Installation#
System Requirements#
Hardware#
Required: NVIDIA GPU (Ampere / Hopper or newer)
NVIDIA Driver: Version must meet the CUDA Toolkit requirement
Software#
Python: >= 3.10
PyTorch: >= 2.6.0
CUDA Toolkit: >= 12.1
OS: Linux (Ubuntu 22.04 / 24.04 recommended)
Note: For Kunlun XPU installation, see the Kunlun Installation Guide.
Prerequisites#
Install uv, a fast Python package installer and resolver:
curl -LsSf https://astral.sh/uv/install.sh | sh
Dependency Overview#
LoongForge uses two different strategies to manage its key upstream dependencies:
Dependency |
Strategy |
Location |
|---|---|---|
Megatron-LM |
git submodule (LoongForge fork) |
|
TransformerEngine |
patch against upstream NVIDIA tag |
|
Megatron-LM is pinned to a specific commit of the Loong-Megatron fork via git submodule. All LoongForge-specific changes live directly in the fork branch — no patches are applied.

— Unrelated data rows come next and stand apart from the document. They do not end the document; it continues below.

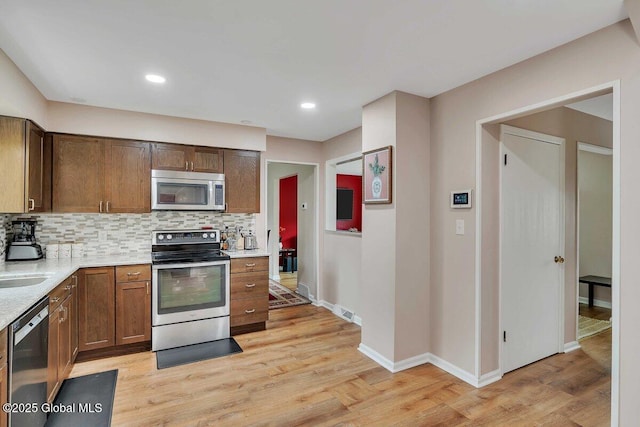 15 Deer Path Dr, Colonie, NY 12205 - kitchen featuring stainless steel appliances, light countertops, tasteful backsplash, light wood-type flooring, and recessed lighting
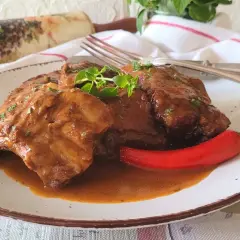 Pyszne, domowe babcine żeberka w sosie własnym, podane z ostrą papryczką i świeżymi ziołami.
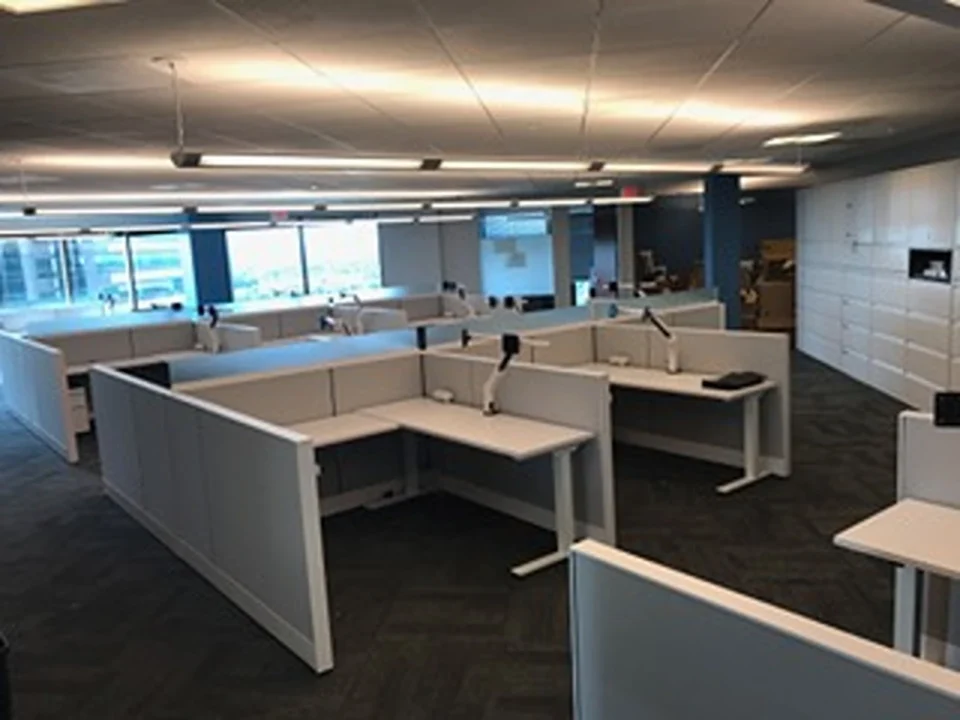 an office cubicles with desks and chairs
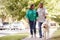 Senior Couple Walking Dog Along Suburban Street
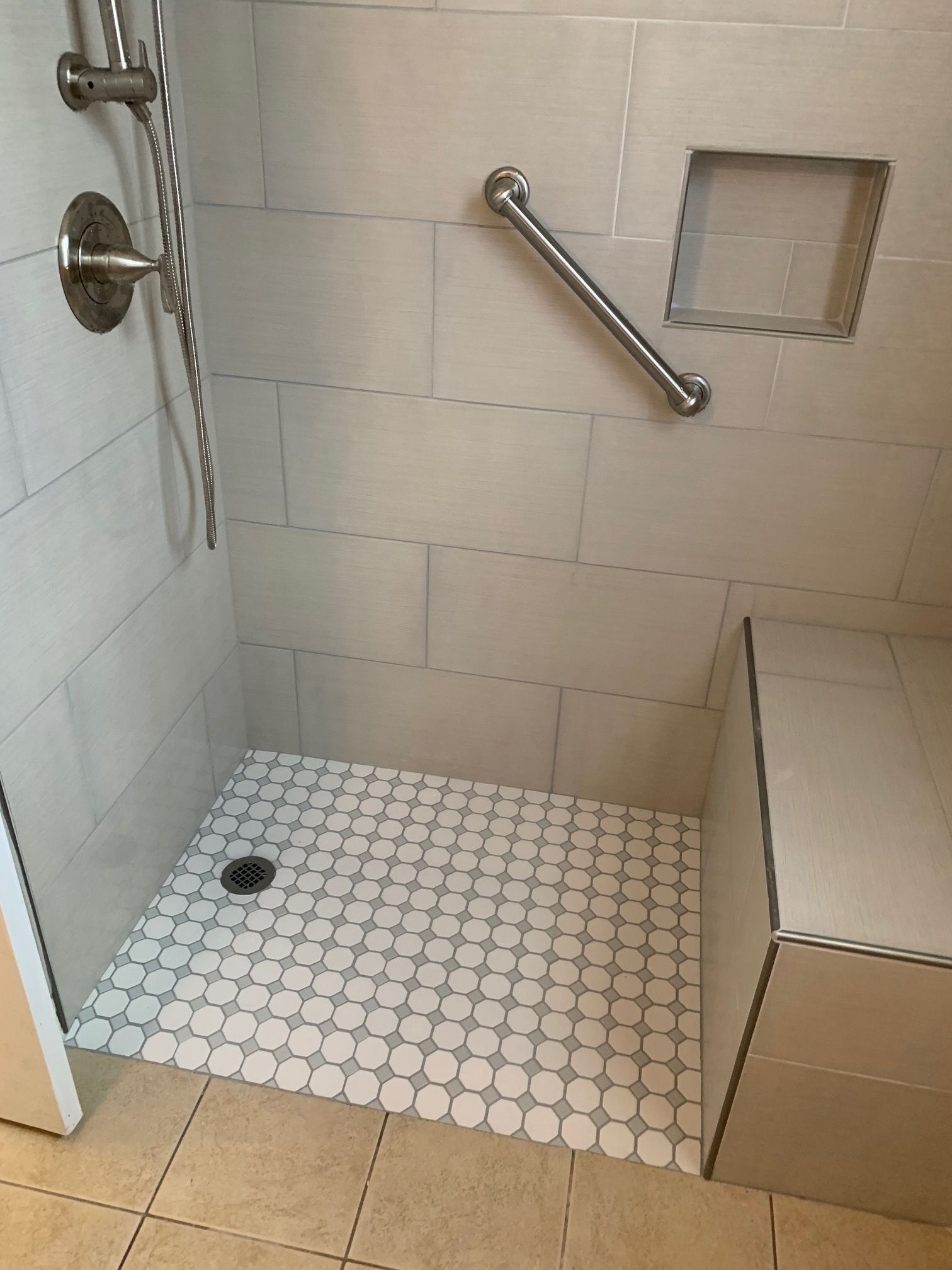 Bathroom shower with tiled walls and floor, built-in seat, grab bar, and recessed shelf.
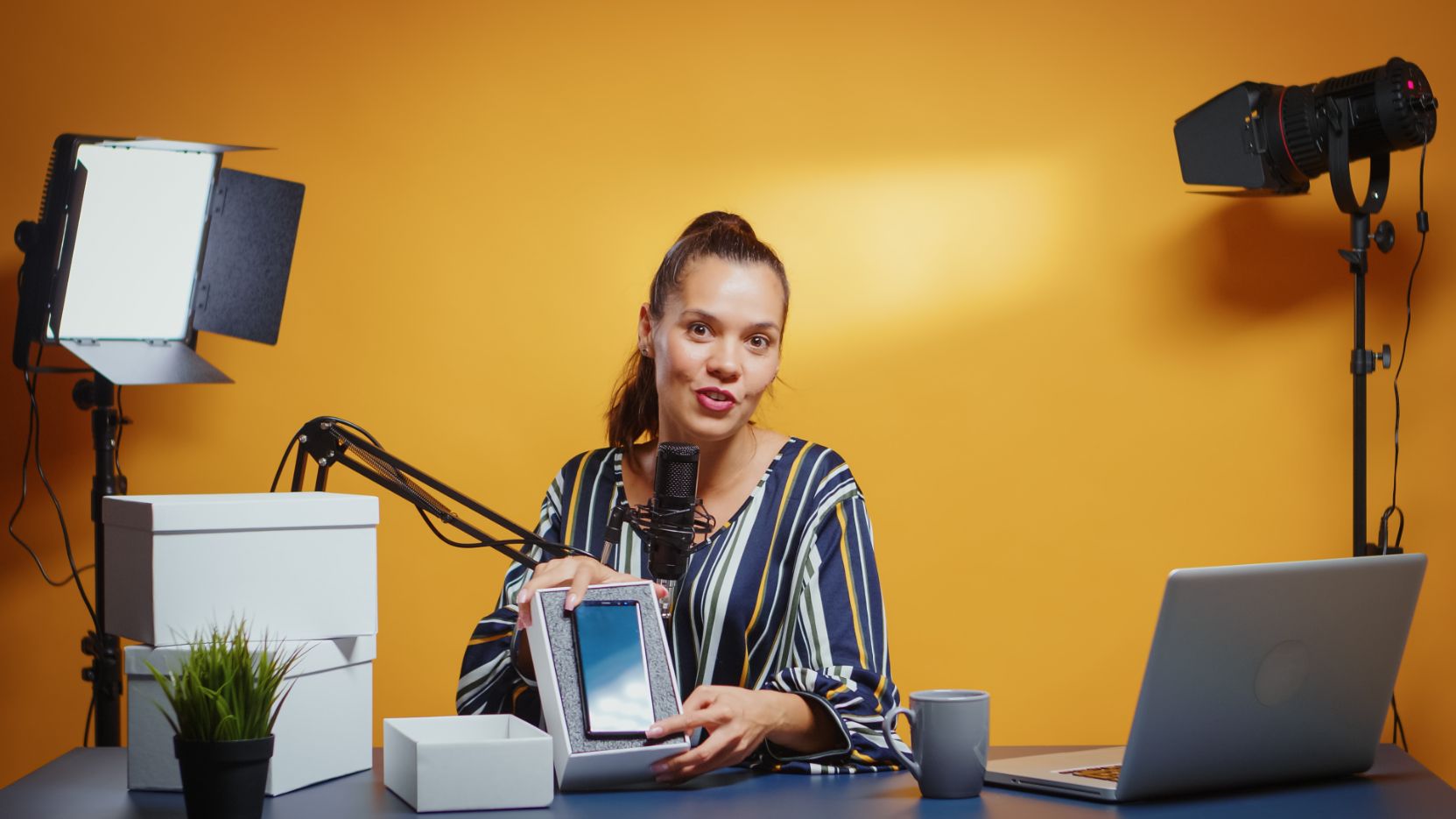 influencer giving modern smartphone as gift BMTBMP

TransformerEngine is cloned from the upstream NVIDIA repository, checked out
at the specified community tag, and then patched with LoongForge-specific fixes.
The patch directory suffix matches the upstream tag it targets
(e.g. patches/TransformerEngine_v2.9/).
Option A: Docker Image (Recommended)#
Use this option if you want a fully reproducible, ready-to-train environment with zero manual dependency management.
Prerequisites#
Docker >= 20.10
nvidia-container-toolkit
Build the image#
Before building, clone the repository with submodules so the Loong-Megatron source is included in the Docker build context:
git clone --recurse-submodules https://github.com/baidu-baige/LoongForge.git
Then build the image:
docker build --build-arg COMPILE_ENV=hopper --build-arg ENABLE_LEROBOT=false \
-t loongforge:latest -f ./LoongForge/docker/Dockerfile .
Build Arg |
Description |
Options |
|---|---|---|
|
Target GPU architecture |
|
|
Enable LeRobot dependencies for VLA model training (e.g., Pi0.5, GR00T). Disabled by default due to dependency conflicts with the base environment. |
|
After the build finishes, verify:
docker images | grep loongforge
Run the container#
docker run --runtime=nvidia --gpus all -itd --rm \
-v /path/to/your/hf/models:/mnt/cluster/huggingface.co/ \
-v /path/to/data:/mnt/cluster/LoongForge/ \
loongforge:latest /bin/bash
Once inside the container, navigate to /workspace/LoongForge/examples/ and
launch the desired training script.
Option B: Install from Source#
Use this option if you already have a working CUDA + PyTorch environment and want to set up LoongForge for development or training.
Clone the repository#
git clone --recurse-submodules https://github.com/baidu-baige/LoongForge.git
cd LoongForge
Install LoongForge#
uv venv .venv
source .venv/bin/activate
uv pip install -e ".[gpu]"
Setup TransformerEngine (GPU only)#
The setup_env.py script clones, patches, and compiles TransformerEngine:
python setup_env.py --te-tag v2.9
This script will automatically:
Clone
TransformerEnginefrom the upstream NVIDIA repository.Checkout the specified TE tag and create a local branch (
loongforge_<tag>).Apply patches from
patches/TransformerEngine_<tag>/to TransformerEngine.Compile and install
TransformerEngine.
Tips: Some model architectures (e.g. DeepSeek-series) require additional compiled
dependencies such as DeepEP, DeepGEMM, FlashMLA, and Flash Attention that are
not included in the pip install. These are pre-built in the Docker image.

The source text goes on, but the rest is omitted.